Примечательно, что в образе жизни пифагорейцев получили отражение основные идеи Пифагора, в частности, о музыке. Вот что пишет философ и культуролог Г. В. Драч: "Утро пифагорейцы начинали с успокоения души игрой на лире и прогулок вдоль берега моря или в священной роще, затем следовали физические упражнения. Завтрак состоял из сотового меда и хлеба. Часы после завтрака предназначались для ведения государственных дел. За обедом ели сырые или вареные овощи, просяной или ячменный хлеб. После обеда надлежало заняться хозяйственными делами. Вечер был посвящен прогулкам, беседам и священным песнопениям. Перед сном надлежало продумать все произошедшее за день, задавая себе вопросы: что я сделал, что мне надлежит сделать, в чем я не преуспел (имеется в виду моральная сфера). Поражает отказ пифагорейцев от всякого рода излишеств в пище. Употреблялись продукты самые простые и необходимые: хлеб, мед, молоко, сыр. Вина пифагорейцы не пили, предпочитая пить воду. Все это говорит, с одной стороны, о стремлении ограничить чувственные желания человека. Сохранился рассказ о том, как пифагорейцы подавляли свойственное человеку чревоугодие: они готовили пиршественный стол и, подойдя к нему, возбуждали аппетит, а затем, перевернув его, уходили не оглядываясь. Однако существует и другая сторона в пищевых запретах пифагорейцев. Они употребляли пищу, которую сегодня можно назвать "биологически активной", - свежеиспеченный хлеб, свежие овощи и фрукты – все, что еще не подлежало переработке и хранению, что сохраняло первозданную свежесть".

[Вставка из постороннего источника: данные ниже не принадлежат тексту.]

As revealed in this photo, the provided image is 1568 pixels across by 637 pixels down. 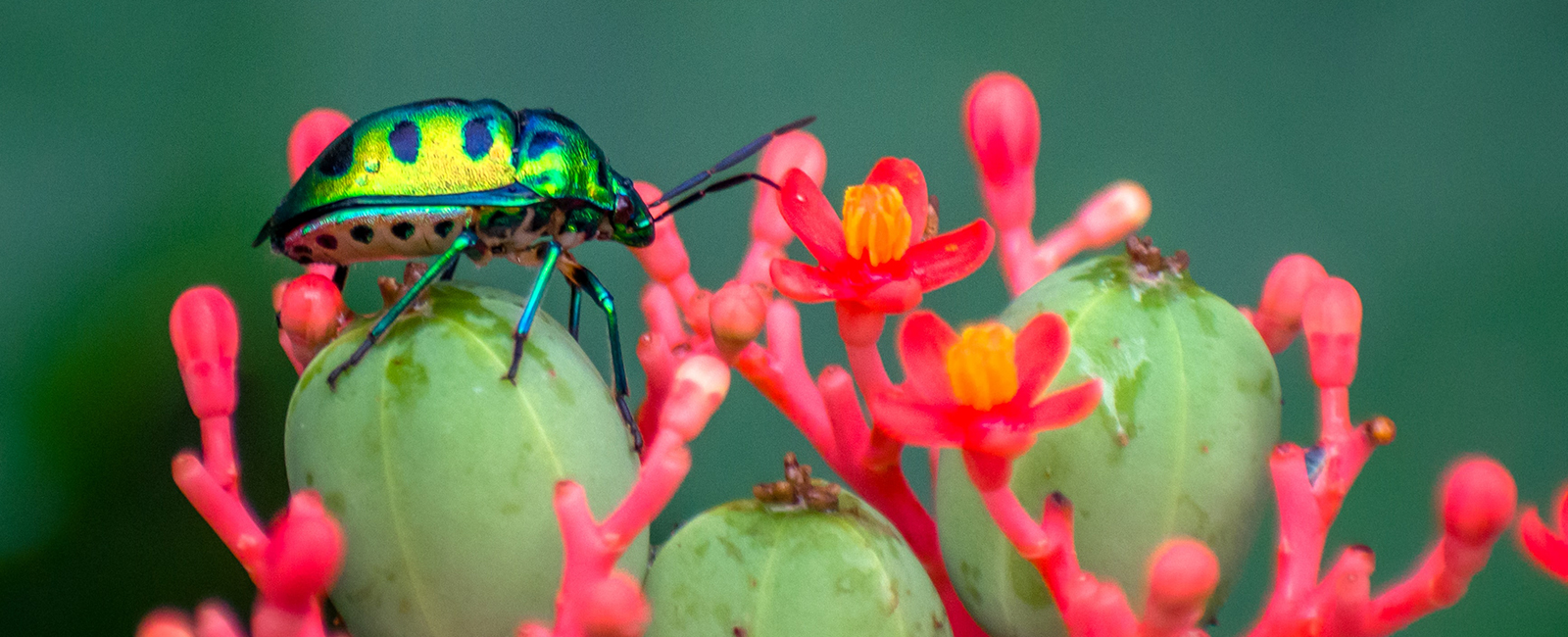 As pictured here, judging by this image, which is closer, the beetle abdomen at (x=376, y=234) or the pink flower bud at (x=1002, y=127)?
the beetle abdomen at (x=376, y=234)

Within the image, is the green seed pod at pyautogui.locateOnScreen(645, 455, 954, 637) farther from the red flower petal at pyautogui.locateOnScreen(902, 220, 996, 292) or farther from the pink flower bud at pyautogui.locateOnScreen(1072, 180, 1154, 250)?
the pink flower bud at pyautogui.locateOnScreen(1072, 180, 1154, 250)

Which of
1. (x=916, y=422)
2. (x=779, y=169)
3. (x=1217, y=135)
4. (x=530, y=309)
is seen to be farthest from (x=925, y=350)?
(x=1217, y=135)

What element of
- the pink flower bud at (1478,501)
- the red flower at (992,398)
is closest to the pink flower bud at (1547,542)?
the pink flower bud at (1478,501)

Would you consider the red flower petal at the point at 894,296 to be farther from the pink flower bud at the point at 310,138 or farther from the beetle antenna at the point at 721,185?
the pink flower bud at the point at 310,138

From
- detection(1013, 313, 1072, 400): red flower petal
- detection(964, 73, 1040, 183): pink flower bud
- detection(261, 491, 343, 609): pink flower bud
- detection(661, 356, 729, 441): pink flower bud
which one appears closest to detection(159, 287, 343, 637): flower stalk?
detection(261, 491, 343, 609): pink flower bud

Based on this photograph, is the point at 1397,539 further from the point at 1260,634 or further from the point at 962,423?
the point at 962,423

Трудно переоценить влияние пифагорейского учения о душе и катарсисе на Платона. Как и пифагорейцы, он выделяет в человеке тело и душу, утверждая, что тело – темница души и что освобождение ее от оков тела наступает лишь со смертью. Платон рассматривал тело не просто как обиталище души, благодаря которой тело живет, но, скорее, как могильный склеп, или как тюрьму души, где она томится и изнуряется в муках. Тело – это источник всех зол, нездоровых страстей, неприязни, несогласия, невежества и просто безумия, т. е. всего того, от чего гибнет душа. Смерть – всего лишь эпизод, имеющий отношение только к телу. Она не только не вредит душе, а, напротив, дарует ей жизнь новую, более достойную, предоставленную ей самой, и именно это позволяет ей, душе, соединиться, наконец, со сверхчувственным, духовным, умопостигаемым миром – миром Идей.

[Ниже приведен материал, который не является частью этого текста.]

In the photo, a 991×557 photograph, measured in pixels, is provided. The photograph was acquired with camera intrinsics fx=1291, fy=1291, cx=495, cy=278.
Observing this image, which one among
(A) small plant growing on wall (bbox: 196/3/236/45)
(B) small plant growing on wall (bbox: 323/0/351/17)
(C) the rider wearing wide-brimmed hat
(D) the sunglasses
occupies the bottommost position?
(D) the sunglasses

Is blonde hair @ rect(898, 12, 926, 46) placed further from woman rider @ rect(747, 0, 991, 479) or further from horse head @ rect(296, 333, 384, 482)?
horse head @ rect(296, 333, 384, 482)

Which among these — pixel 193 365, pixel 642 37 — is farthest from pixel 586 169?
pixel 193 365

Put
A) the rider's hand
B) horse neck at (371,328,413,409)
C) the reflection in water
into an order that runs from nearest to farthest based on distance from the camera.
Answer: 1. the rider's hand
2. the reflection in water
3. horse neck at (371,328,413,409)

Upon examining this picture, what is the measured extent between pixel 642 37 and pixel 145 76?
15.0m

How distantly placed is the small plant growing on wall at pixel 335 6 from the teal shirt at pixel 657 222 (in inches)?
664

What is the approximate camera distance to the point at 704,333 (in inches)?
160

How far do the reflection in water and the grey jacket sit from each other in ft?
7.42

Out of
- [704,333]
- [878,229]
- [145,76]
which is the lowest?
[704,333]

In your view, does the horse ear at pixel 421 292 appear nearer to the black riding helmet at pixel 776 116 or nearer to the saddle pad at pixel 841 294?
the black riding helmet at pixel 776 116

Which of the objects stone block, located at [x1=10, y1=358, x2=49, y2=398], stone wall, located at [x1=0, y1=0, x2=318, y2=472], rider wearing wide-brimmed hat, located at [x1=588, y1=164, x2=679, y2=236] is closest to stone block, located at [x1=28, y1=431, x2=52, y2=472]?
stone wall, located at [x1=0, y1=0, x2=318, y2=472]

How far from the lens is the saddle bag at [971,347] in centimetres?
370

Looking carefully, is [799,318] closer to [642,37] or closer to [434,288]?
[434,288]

Но в отличие от Пифагора Платон в гораздо меньшей степени связывал катарсис с искусством, так как оно, по его мнению, не только не раскрывает истины, но скрывает ее, а потому не есть форма истинного познания и, значит, не улучшает природу человека, но, наоборот, портит ее, ибо не способно быть правдивым. Оно не воспитывает, а развращает, поскольку попустительствует иррациональным способностям человека. Так, Платон дает низкую оценку поэзии, решительно возвышая над ней философию. Поэт становится поэтом не на основе научных знаний, а по наитию. Создавая нечто, он бывает "вне себя", в исступлении, и, следовательно, не ведает, что творит. Он не в состоянии объяснить ни того, что сделал, ни научить другого тому, что делает. Поэт, по сути своей, таков, каким его "Бог обидел", "Божьей милостью", но не благодаря познанию. Искусство (поэзия, скульптура живопись), по Платону, - некий "мимесис" (в переводе с др.-греч. - подобие, воспроизведение, подражание), имитация (от лат. imitatio – "подражание"), подражание чувственному (людям, вещам, фактам, событиям разного рода). Они, эти чувственно воспринимаемые предметы и явления, есть образы вечной идеальной парадигмы (от греч. – haradeiqma - "пример, модель, образец"), отдаленные от истинного ровно настолько, насколько копия отстоит от оригинала. Если же искусство, в свою очередь, есть имитация чувственного, то не может быть никаких сомнений в том, что она тем самым является копией, воспроизводящей копию, а, стало быть, трижды удалена от истины. Поэтому искусство ни при каких условиях не способно быть выше того, что отражает. Правда, Платон начисто не отвергал право искусства на существование, отрицая лишь его самоценность. Искусство служит добру и истине, либо злу и лжи. Но предоставленное самому себе, оно неизбежно становится фальшью. Чтобы спастись от зла и лжи, а, значит, и от фальши, искусство должно проверять себя философией, устремленной к истине.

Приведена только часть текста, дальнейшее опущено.